Halley v. Ohio Co.

Decision Date27 November 1995
Docket NumberNo. 68260,68260
Citation107 Ohio App.3d 518,669 N.E.2d 70
PartiesHALLEY et al., Appellants, v. OHIO COMPANY, Appellee.
CourtOhio Court of Appeals

McDonald, Hopkins, Burke & Haber Co., L.P.A., Thomas C. Schrader, Joseph E. McGraw and Erica L. Eversman, Cleveland, for appellants.

Carlile, Patchen & Murphy, Dennis J. Concilla and John E. Haller, Columbus, for appellee.

NAHRA, Judge.

Plaintiffs H. Myron Halley, M.D., Inc., the H. Myron Halley, M.D., Inc.
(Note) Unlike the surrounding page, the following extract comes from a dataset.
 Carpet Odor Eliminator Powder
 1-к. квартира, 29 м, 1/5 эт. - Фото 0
Defined Benefits Pension Plan and Trust, H. Myron Halley, M.D. and Joan F Halley, appeal from the judgment of the Cuyahoga County Court of Common Pleas dismissing their complaint against defendant-appellee, the Ohio Company. For the following reasons, we reverse and remand.
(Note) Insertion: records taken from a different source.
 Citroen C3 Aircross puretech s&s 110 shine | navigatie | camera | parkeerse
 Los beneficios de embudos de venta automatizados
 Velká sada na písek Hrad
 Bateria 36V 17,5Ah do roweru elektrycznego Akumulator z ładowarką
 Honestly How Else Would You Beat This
The facts as alleged in the complaint are as follows:

Appellants H. Myron Halley, M.D., and Joan F. Halley are participants and trustees of appellant the H. Myron Halley, M.D., Inc. Defined Benefits Pension Plan and Trust ("Pension Plan"). The Ohio Company, a full service brokerage firm, at all times relevant to this action, assisted the cotrustees (Dr. and Mrs. Halley) with the management, investment, distribution, transfer and control of Pension Plan assets. The Halleys placed Pension Plan assets under the control and management of the Ohio Company.
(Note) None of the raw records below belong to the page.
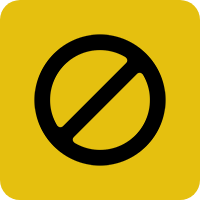 avoid the area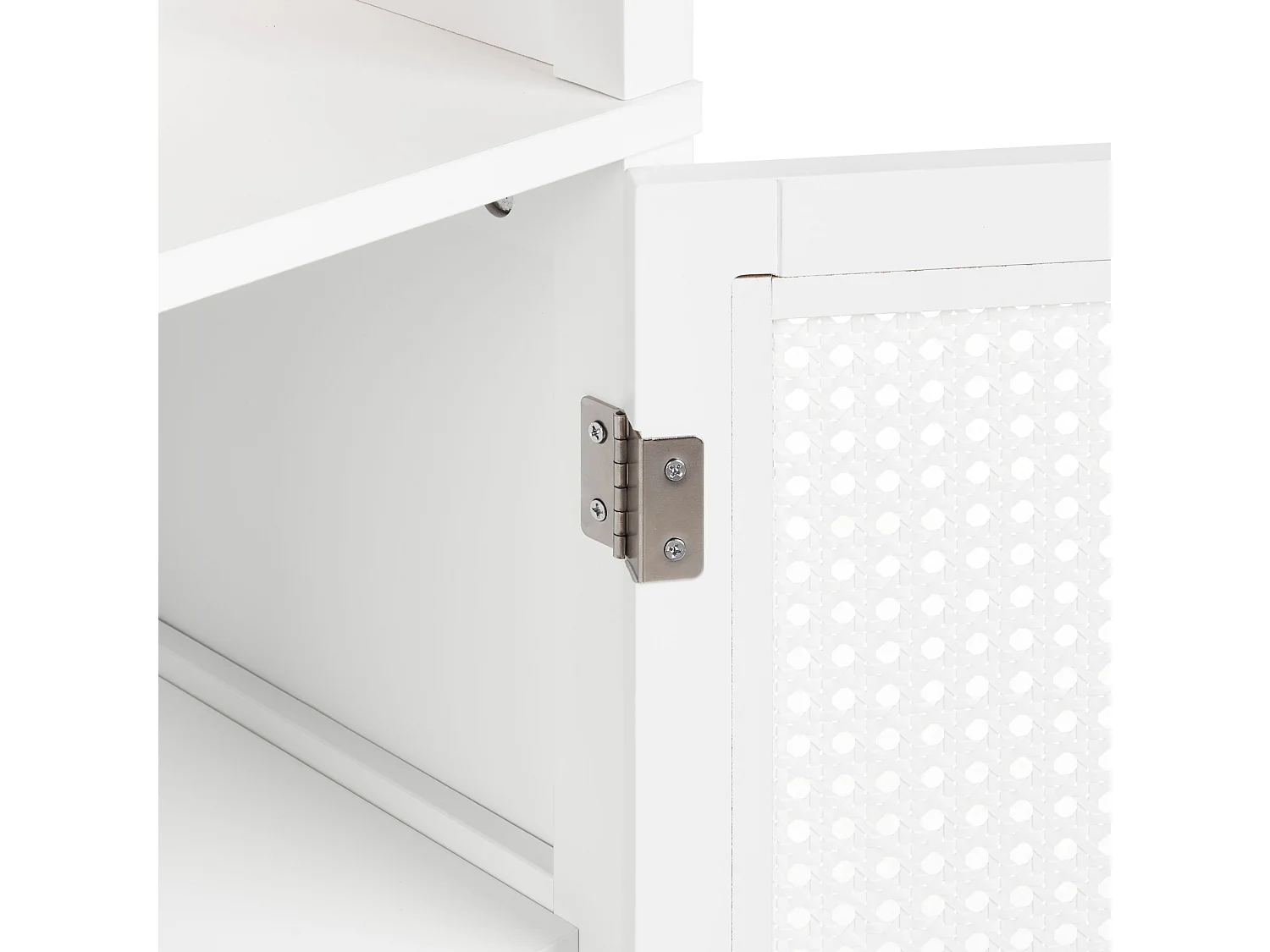 Meuble haut ALAMOS 40 cm Blanc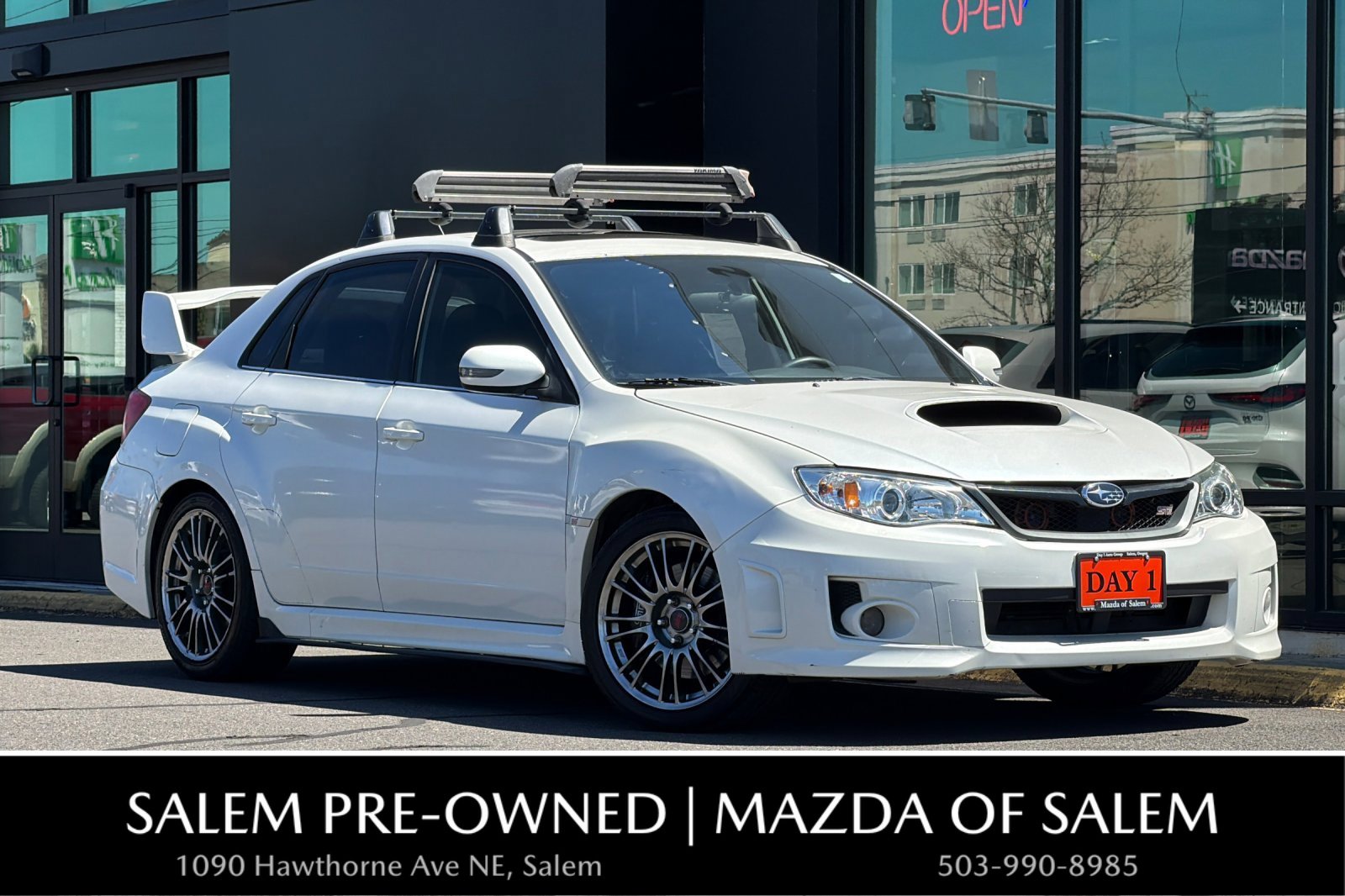 Used 2012 Subaru Impreza WRX STI Limited AWD/4WD 360° Tour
In December 1992, the Halleys, as cotrustees, terminated the Pension Plan. On December 3, 1992, their agent, National City Bank, in Cleveland, Ohio, instructed the Ohio Company to distribute the Pension Plan's assets (approximately $1 million) on or before December 31, 1992 to an Individual Retirement Account ("IRA") set up by National City Bank for the Halleys. The authorizations for transfer signed by the Halleys specified that transfer of the Pension Plan's assets was to be made on or before December 31, 1992. The Ohio Company transferred all but $27,000 of the Plan's approximately $1 million in assets to the Halleys' IRA before December 31, 1992. Upon learning that the Plan had approximately $27,000 in a separate account, in street name, it transferred this balance to the Halleys' IRA on March 3, 1993.

The appellants' complaint asserted claims for declaratory judgment, breach of contract, breach of fiduciary duty and negligence. Appellants claimed that because of the Ohio Company's failure to transfer the Pension Plan's assets on or before December 31, 1992, appellants were subject to a claim for taxes and penalties which the IRS may assess against them. Appellants demanded a judgment and order of indemnification by the Ohio Company of any and all taxes assessed against appellants by the IRS. The complaint demanded $500,000 in compensatory damages. Appellants had not suffered any monetary damages as of the time of the filing of the complaint.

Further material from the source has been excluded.